Key Terms in this Chapter

Google Drive: A file storage and collaboration space launched by Google in 2012. Google Drive apps include Docs, Sheets, and Slides which offer users collaborative sharing, editing, and storage.

Source Literacy: A contextualized understanding of the characteristics for different types of sources; and the ability to integrate different types of sources into a written narrative.

Process Writing: An approach to teaching composition that emphasizes writing as a series of recursive steps, often including brainstorming, planning, drafting, revisioning, and editing.

Liminal Space: A transformative stage in the learning process in which the learner begins to reframe or experience a shift in their understanding of a subject.

Composition: The teaching practices and values of writing in the postsecondary classroom, often included in the general education requirements of most college and university first-year students. Composition courses usually involve discussions about and practice in critical thinking, reading, and writing skills; rhetoric; research; and incorporation of sources as support.
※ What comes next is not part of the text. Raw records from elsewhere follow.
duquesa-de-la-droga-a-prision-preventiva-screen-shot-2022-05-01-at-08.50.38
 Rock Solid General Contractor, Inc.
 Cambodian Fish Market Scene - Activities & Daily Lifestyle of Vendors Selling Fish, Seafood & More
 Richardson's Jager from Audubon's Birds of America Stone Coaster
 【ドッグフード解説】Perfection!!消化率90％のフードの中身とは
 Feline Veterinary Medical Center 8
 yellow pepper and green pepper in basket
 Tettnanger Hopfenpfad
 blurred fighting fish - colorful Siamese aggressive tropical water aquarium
Feedback Loops: A formative process where instructors provide students with specific, questioning, and instructive feedback with time for the student to reflect, edit, and practice. As trends in feedback become evident, instructors can leverage the feedback process to modify and strengthen assessment.

Postsecondary Pedagogy: Teaching practices, beliefs, and values in the classroom beyond the secondary education level; usually associated with college, university, or vocational teaching.

WPA Framework: A set of rhetorical and twenty-first-century concepts, skills, and habits of mind that are critical for college success and founded on current pedagogy in research and writing. The WPA Framework is endorsed by the Council of Writing Program Administrators, the National Council of Teachers of English, and the National Writing Project.